What you need to do:
If a line in the material below has the word "Nissan", copy it.

Records shown:
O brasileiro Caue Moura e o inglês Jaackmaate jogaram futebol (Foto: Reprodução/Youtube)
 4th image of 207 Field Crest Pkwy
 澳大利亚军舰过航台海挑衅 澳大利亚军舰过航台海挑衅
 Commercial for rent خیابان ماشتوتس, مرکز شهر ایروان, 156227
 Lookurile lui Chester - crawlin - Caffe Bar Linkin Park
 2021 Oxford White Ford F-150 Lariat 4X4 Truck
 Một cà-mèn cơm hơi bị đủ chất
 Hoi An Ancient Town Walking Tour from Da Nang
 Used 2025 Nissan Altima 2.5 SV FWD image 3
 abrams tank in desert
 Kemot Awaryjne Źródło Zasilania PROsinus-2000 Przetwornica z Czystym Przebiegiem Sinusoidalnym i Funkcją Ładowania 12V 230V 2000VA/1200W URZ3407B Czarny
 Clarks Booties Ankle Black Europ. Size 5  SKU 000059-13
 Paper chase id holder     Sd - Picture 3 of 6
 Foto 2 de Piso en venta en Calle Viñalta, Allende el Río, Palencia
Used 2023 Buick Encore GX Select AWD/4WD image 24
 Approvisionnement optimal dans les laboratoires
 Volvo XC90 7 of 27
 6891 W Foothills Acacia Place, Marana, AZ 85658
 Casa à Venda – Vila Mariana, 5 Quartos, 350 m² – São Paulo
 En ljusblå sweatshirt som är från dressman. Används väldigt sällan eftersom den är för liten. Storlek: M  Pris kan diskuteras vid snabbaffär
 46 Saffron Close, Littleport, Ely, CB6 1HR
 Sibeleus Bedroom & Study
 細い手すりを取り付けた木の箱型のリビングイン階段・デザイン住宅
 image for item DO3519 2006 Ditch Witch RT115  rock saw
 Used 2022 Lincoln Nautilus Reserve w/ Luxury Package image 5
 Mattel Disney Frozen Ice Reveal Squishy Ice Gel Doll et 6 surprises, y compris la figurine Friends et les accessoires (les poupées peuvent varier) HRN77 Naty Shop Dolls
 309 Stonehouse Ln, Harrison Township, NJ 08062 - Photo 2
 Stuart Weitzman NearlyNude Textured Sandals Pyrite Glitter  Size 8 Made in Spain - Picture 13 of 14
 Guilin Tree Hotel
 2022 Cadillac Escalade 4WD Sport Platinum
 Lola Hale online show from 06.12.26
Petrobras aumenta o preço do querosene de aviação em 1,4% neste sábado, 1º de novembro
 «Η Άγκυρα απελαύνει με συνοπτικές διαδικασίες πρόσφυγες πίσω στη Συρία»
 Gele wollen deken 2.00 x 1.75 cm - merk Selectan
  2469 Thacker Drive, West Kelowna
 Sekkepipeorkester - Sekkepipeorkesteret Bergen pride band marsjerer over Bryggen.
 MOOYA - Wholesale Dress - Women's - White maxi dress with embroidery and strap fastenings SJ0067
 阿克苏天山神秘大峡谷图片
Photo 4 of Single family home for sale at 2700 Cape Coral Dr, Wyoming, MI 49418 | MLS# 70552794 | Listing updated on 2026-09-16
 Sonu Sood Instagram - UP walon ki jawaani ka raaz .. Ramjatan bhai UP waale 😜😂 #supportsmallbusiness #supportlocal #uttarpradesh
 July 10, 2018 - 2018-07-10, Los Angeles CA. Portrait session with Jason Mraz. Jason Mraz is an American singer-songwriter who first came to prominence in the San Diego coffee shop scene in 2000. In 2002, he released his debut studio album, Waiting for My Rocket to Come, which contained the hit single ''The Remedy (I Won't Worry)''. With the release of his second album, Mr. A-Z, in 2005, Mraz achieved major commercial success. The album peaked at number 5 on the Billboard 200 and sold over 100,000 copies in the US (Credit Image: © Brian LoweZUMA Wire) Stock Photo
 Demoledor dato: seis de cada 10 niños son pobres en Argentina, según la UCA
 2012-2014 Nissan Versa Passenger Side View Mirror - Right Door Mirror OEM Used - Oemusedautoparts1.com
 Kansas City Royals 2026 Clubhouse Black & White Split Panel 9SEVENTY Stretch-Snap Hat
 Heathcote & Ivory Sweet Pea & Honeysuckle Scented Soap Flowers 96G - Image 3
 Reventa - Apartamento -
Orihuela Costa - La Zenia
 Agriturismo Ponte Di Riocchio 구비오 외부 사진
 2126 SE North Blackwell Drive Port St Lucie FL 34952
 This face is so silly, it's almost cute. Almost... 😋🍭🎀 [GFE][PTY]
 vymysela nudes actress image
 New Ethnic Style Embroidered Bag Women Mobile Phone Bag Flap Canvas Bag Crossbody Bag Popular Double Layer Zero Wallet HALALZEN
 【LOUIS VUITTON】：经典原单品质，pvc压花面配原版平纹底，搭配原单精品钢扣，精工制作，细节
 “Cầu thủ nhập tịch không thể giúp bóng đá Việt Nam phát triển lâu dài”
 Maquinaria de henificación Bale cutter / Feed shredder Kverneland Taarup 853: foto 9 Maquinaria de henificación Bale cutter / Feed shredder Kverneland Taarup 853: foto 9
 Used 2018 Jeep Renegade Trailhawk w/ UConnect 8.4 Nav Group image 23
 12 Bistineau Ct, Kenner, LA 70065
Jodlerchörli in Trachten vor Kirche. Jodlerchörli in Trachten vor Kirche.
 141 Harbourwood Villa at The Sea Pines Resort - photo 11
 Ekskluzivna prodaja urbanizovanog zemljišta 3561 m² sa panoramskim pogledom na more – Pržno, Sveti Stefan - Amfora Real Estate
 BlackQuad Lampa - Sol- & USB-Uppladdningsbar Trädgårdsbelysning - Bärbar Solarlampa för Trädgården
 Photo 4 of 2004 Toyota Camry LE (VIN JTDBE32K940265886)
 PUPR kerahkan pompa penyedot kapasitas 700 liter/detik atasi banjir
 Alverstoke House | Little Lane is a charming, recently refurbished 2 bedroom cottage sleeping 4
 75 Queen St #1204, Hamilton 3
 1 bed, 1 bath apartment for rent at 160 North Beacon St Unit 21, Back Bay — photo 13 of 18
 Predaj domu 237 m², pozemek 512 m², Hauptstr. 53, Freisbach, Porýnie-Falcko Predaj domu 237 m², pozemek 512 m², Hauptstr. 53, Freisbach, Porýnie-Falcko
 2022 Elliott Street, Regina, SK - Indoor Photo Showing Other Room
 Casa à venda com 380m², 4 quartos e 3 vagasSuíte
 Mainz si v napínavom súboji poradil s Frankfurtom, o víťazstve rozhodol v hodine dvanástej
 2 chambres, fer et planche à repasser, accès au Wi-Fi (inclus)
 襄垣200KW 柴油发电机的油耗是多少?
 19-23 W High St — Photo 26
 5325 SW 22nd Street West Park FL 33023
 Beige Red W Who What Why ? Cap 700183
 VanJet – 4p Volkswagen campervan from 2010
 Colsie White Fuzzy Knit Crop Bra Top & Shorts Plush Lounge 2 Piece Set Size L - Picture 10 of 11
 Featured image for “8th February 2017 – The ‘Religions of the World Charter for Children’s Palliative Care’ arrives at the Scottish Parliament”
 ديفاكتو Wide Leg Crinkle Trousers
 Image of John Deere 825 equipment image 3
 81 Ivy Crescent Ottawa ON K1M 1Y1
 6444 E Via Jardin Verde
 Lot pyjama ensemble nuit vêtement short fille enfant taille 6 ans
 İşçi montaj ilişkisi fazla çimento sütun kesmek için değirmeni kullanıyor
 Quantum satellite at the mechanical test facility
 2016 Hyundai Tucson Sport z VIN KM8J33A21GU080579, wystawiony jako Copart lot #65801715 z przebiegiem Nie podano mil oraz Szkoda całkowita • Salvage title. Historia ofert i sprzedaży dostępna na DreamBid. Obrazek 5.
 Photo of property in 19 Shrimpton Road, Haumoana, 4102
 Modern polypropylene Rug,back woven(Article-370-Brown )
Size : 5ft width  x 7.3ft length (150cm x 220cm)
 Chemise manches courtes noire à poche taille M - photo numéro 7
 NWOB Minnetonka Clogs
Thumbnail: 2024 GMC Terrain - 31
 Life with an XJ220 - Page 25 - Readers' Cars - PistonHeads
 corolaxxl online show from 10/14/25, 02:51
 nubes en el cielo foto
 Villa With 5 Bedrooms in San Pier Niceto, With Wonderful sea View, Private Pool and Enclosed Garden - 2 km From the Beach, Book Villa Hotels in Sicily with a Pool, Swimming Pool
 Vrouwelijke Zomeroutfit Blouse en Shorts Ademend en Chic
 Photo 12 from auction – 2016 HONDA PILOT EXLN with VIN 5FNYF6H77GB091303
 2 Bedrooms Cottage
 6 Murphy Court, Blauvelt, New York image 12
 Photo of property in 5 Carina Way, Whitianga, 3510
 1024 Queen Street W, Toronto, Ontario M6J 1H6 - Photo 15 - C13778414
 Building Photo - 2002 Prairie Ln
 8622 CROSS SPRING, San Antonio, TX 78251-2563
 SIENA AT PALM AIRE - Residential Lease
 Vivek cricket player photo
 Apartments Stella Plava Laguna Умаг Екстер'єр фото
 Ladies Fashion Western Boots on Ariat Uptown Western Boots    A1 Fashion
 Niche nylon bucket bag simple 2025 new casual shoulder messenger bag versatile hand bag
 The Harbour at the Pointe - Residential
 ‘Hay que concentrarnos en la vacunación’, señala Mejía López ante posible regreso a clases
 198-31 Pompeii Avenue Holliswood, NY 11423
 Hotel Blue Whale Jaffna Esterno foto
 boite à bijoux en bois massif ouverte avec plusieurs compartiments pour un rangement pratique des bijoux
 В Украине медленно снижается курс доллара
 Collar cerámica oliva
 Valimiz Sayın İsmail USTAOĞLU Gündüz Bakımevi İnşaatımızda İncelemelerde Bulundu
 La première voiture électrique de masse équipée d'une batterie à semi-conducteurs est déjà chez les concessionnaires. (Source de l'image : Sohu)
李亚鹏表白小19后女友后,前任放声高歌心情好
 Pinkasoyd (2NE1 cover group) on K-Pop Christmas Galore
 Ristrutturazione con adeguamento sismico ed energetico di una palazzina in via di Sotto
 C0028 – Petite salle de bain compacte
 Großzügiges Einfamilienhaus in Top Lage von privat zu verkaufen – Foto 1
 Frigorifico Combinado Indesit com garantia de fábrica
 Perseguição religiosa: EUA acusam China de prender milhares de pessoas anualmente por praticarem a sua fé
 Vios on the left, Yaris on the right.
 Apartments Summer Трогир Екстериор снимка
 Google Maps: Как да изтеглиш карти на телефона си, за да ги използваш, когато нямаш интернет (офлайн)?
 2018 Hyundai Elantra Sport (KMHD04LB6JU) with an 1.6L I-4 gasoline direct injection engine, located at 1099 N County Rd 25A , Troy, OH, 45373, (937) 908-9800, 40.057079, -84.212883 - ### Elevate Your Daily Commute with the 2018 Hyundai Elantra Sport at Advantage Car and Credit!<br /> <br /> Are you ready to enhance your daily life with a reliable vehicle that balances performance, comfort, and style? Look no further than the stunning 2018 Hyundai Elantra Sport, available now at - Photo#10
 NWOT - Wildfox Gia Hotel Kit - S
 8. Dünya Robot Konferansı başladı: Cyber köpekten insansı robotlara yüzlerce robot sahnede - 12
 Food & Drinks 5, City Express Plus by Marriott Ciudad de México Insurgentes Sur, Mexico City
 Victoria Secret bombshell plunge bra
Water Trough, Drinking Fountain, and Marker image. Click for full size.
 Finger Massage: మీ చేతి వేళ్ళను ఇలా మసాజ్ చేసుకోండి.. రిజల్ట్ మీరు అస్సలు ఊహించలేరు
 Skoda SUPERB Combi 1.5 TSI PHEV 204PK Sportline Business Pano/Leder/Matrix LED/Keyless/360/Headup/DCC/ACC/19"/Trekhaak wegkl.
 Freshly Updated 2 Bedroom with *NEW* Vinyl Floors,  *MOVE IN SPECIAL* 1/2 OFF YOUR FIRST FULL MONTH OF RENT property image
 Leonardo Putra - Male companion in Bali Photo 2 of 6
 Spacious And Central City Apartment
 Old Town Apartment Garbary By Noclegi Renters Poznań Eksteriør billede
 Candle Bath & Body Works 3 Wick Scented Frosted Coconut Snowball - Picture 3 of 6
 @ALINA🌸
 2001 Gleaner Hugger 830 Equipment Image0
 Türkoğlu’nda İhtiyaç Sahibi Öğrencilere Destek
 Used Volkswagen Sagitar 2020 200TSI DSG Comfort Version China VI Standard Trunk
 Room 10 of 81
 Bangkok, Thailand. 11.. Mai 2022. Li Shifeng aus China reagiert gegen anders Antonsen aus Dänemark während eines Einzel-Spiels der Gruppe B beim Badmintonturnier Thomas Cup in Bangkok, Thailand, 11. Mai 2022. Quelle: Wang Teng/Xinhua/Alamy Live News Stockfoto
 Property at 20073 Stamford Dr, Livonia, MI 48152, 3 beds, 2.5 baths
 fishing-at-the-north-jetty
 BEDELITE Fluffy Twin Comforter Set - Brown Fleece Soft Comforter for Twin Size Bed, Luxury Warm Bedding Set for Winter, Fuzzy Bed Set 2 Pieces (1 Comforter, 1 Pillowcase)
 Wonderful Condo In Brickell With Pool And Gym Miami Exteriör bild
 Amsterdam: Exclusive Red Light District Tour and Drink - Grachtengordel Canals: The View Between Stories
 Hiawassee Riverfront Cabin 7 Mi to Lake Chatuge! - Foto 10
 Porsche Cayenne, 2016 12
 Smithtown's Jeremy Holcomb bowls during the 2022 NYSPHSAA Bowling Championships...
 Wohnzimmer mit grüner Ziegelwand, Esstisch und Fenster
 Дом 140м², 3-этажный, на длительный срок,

Task output:
 Used 2025 Nissan Altima 2.5 SV FWD image 3
 2012-2014 Nissan Versa Passenger Side View Mirror - Right Door Mirror OEM Used - Oemusedautoparts1.com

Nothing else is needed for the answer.